Yemek faslının ardından birkaç kitabı koltuğumun yanına yakın masa üstüne koyuyorum. Faruk Duman’dan biraz okuyorum. Mutedil Dalgalı’dan (Ömür İklim Demir) bir öykü. Öyküleri üst üste okuyamam. Bir öykü yeter. Bir çifti anlatıyor. Kendimizi düşünüyorum ama yazmayacağım.

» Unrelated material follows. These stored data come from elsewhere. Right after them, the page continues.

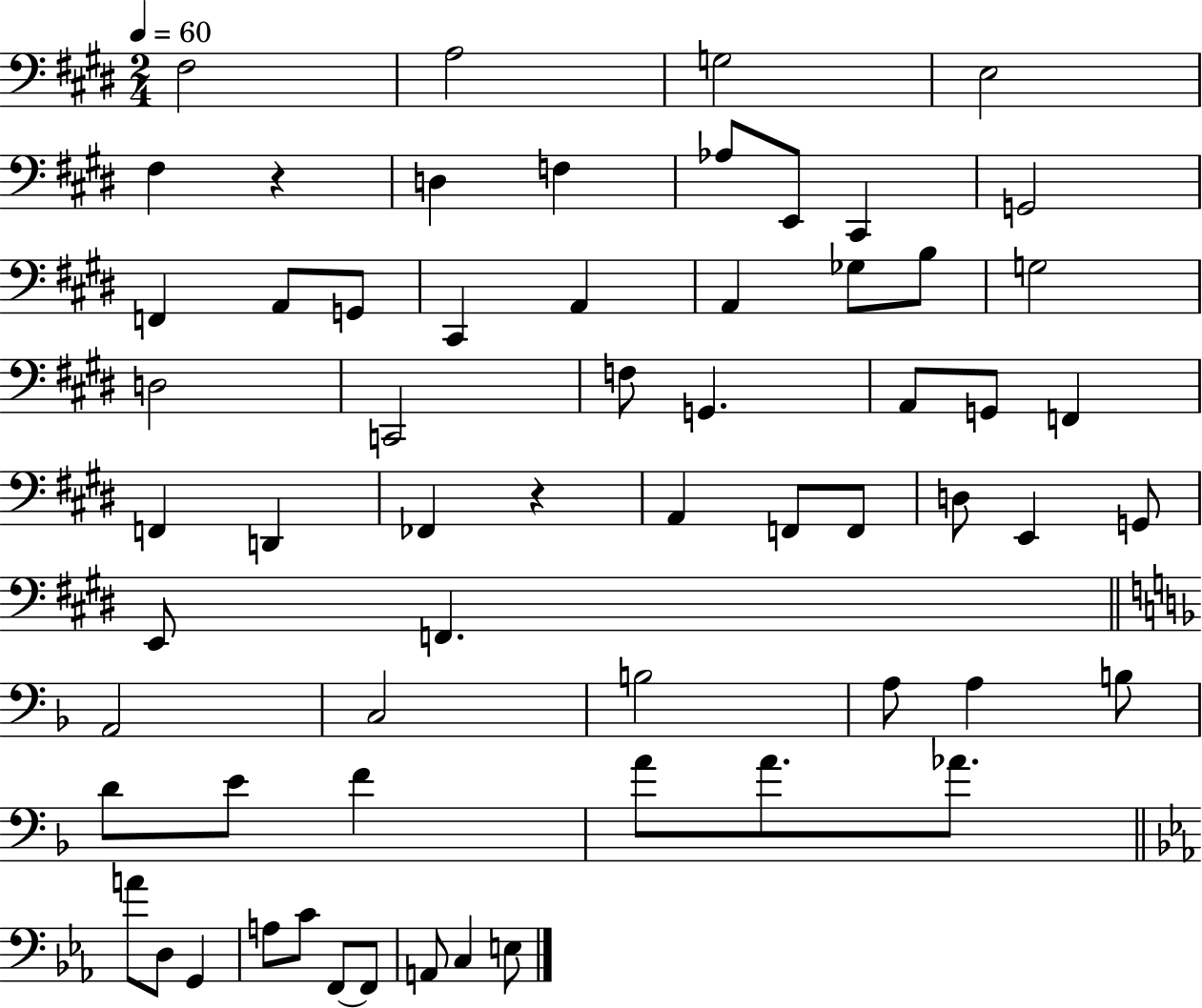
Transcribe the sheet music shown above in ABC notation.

X:1
T:Untitled
M:2/4
L:1/4
K:E
^F,2 A,2 G,2 E,2 ^F, z D, F, _A,/2 E,,/2 ^C,, G,,2 F,, A,,/2 G,,/2 ^C,, A,, A,, _G,/2 B,/2 G,2 D,2 C,,2 F,/2 G,, A,,/2 G,,/2 F,, F,, D,, _F,, z A,, F,,/2 F,,/2 D,/2 E,, G,,/2 E,,/2 F,, A,,2 C,2 B,2 A,/2 A, B,/2 D/2 E/2 F A/2 A/2 _A/2 A/2 D,/2 G,, A,/2 C/2 F,,/2 F,,/2 A,,/2 C, E,/2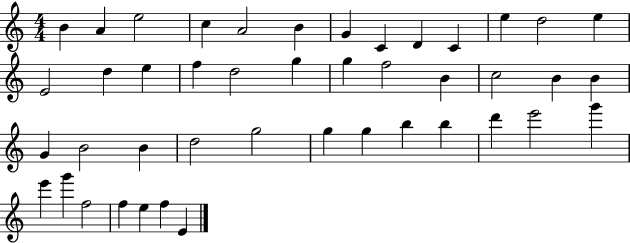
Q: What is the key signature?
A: C major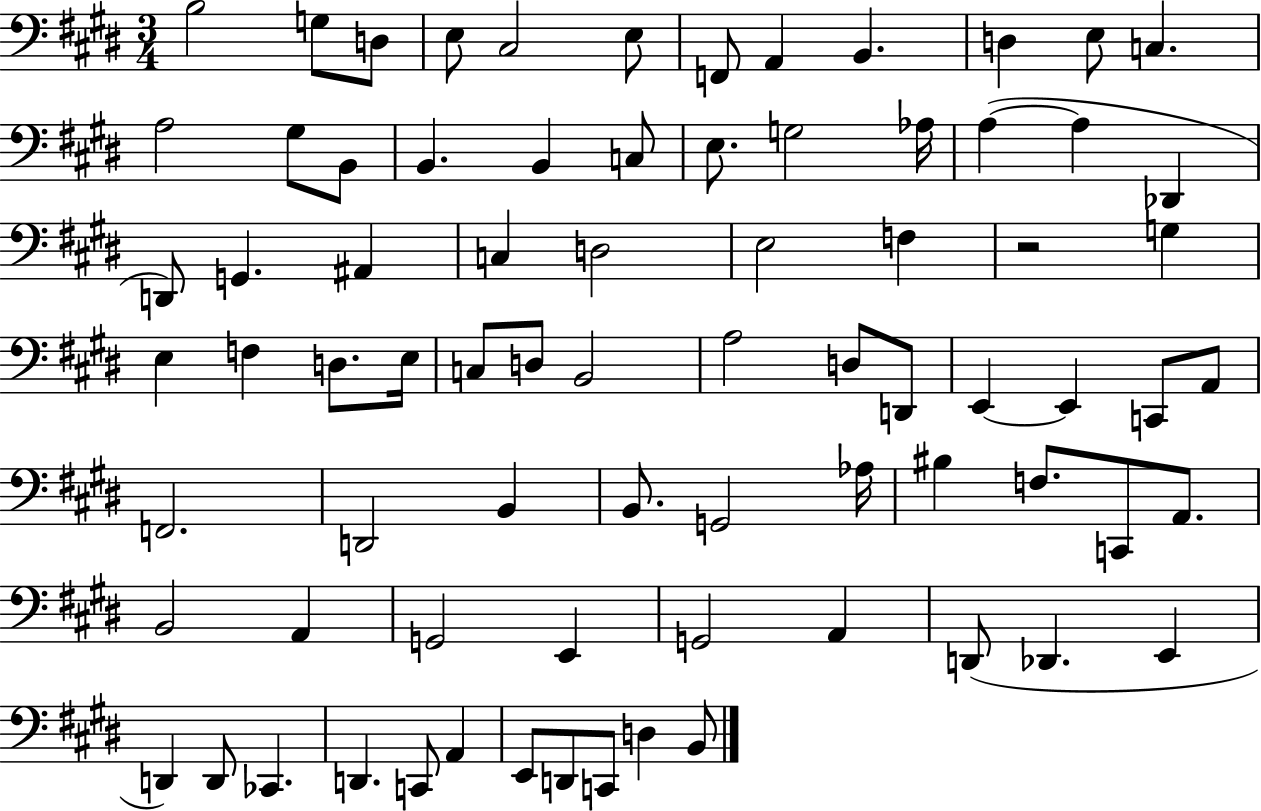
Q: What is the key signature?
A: E major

Şiir kitabından birkaç şiir okuyorum. Osman’ın ilk şiir kitaplarından biri. Son yazdığı kitaptaki şiirlerden farkını anlayabiliyorum. Kör ve tıkanık kalıyor düşlemelerim. Zorluyorum kendimi. Sait Maden’e beni götürüyor bir yerlere ama tarif edemiyorum, anlamıyorum ne anlatmak istediğini, dediğimde böyle olacağı gibi bir şey söylemişti. Evet öyleymiş ilk okuma deneyimlerinde. Daha sonra yol aldıkça dizelerle, hele de güzel şiirde, atların terlerini bile görebiliyormuşsun.

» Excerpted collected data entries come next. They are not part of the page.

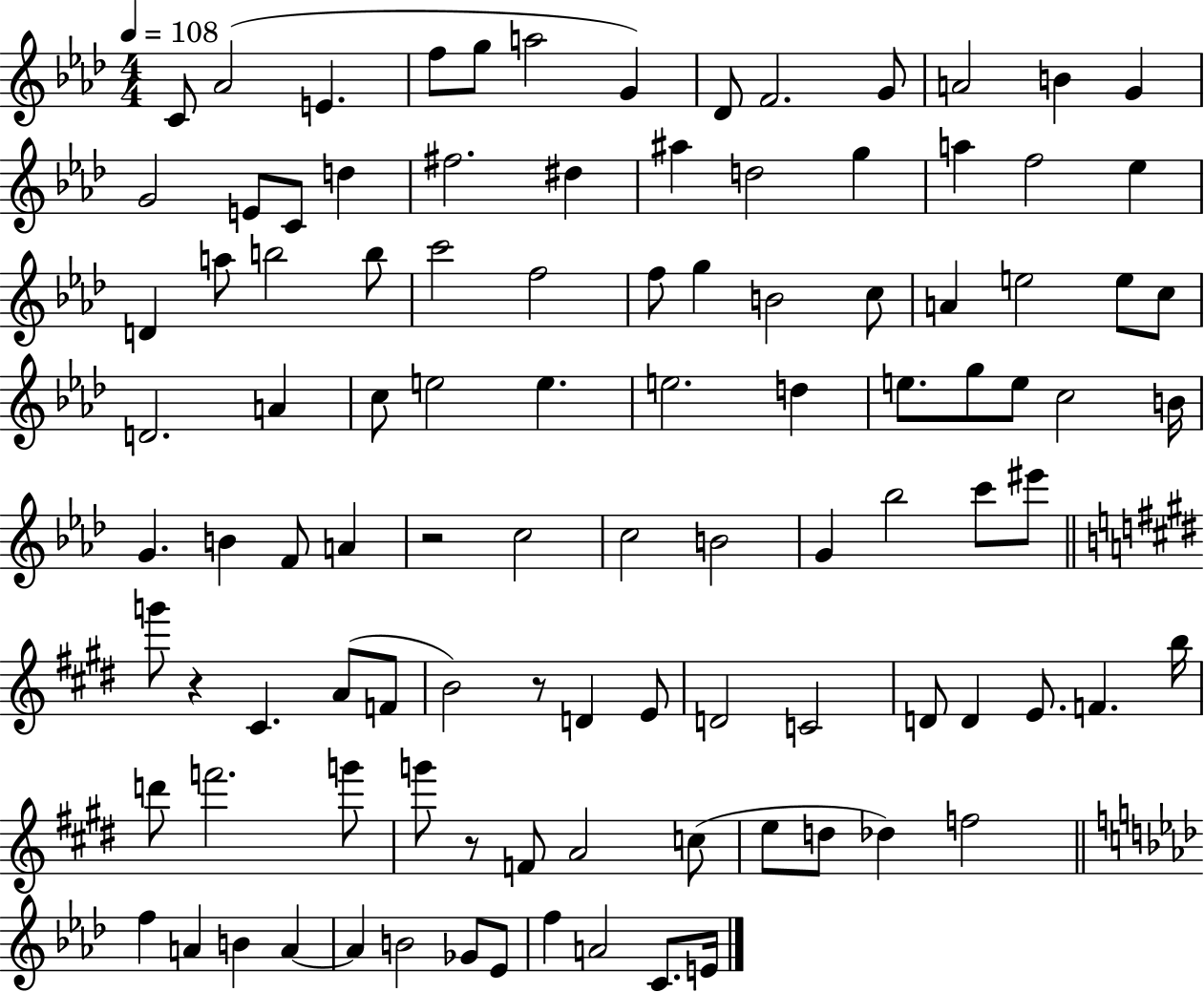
{
  \clef treble
  \numericTimeSignature
  \time 4/4
  \key aes \major
  \tempo 4 = 108
  c'8 aes'2( e'4. | f''8 g''8 a''2 g'4) | des'8 f'2. g'8 | a'2 b'4 g'4 | \break g'2 e'8 c'8 d''4 | fis''2. dis''4 | ais''4 d''2 g''4 | a''4 f''2 ees''4 | \break d'4 a''8 b''2 b''8 | c'''2 f''2 | f''8 g''4 b'2 c''8 | a'4 e''2 e''8 c''8 | \break d'2. a'4 | c''8 e''2 e''4. | e''2. d''4 | e''8. g''8 e''8 c''2 b'16 | \break g'4. b'4 f'8 a'4 | r2 c''2 | c''2 b'2 | g'4 bes''2 c'''8 eis'''8 | \break \bar "||" \break \key e \major g'''8 r4 cis'4. a'8( f'8 | b'2) r8 d'4 e'8 | d'2 c'2 | d'8 d'4 e'8. f'4. b''16 | \break d'''8 f'''2. g'''8 | g'''8 r8 f'8 a'2 c''8( | e''8 d''8 des''4) f''2 | \bar "||" \break \key aes \major f''4 a'4 b'4 a'4~~ | a'4 b'2 ges'8 ees'8 | f''4 a'2 c'8. e'16 | \bar "|."
}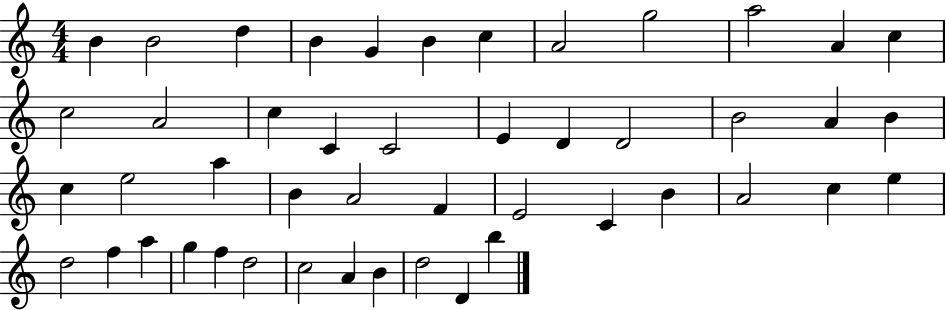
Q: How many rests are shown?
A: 0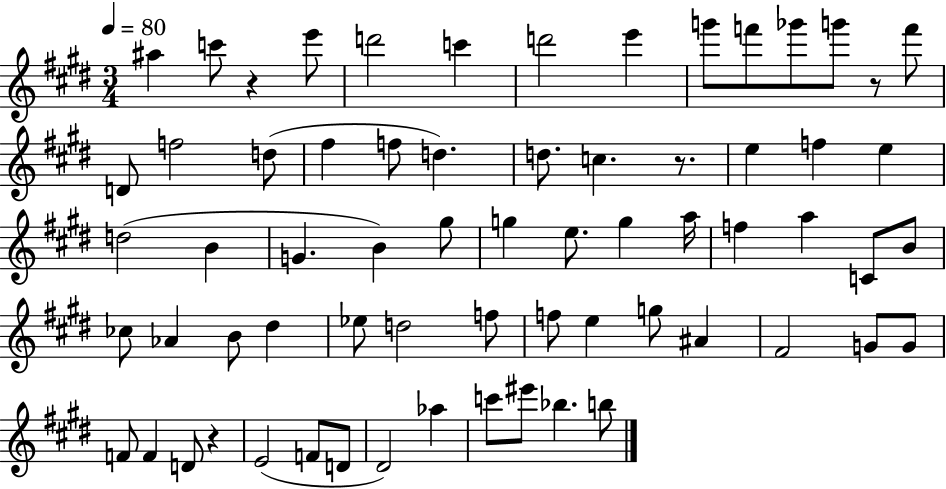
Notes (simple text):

A#5/q C6/e R/q E6/e D6/h C6/q D6/h E6/q G6/e F6/e Gb6/e G6/e R/e F6/e D4/e F5/h D5/e F#5/q F5/e D5/q. D5/e. C5/q. R/e. E5/q F5/q E5/q D5/h B4/q G4/q. B4/q G#5/e G5/q E5/e. G5/q A5/s F5/q A5/q C4/e B4/e CES5/e Ab4/q B4/e D#5/q Eb5/e D5/h F5/e F5/e E5/q G5/e A#4/q F#4/h G4/e G4/e F4/e F4/q D4/e R/q E4/h F4/e D4/e D#4/h Ab5/q C6/e EIS6/e Bb5/q. B5/e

Alaattin Topçu’dan bir deneme okumadan yatmak istemiyorum. “Zaman Geriye Dönmez”mi? Başlıyorum ama yarım bırakıyorum. Bu da beni bir başka yolculuğa çıkartacak. Şimdi çok yorgunum. Müjgan’ı bu gece yalnız bırakmayacağım. Yok yanına gitmeyeceğim, onu yanıma çağıracağım. Yavru köpeğinin adını bile bilmiyorum. O da bizimkilerle birlikte yani gölgesiyle yaşar gideriz kocaman evde. Hepimize yeter.
Sevgili Nermin duygularla yazılanlar beni çok etkiliyor. Kalemine sağlık arkadaşım. Yazmaya devam.
Sevgili Sevin, teşekkür ederim. Duyguların yoğun olmasını istemiyorum ama olmuyor işte.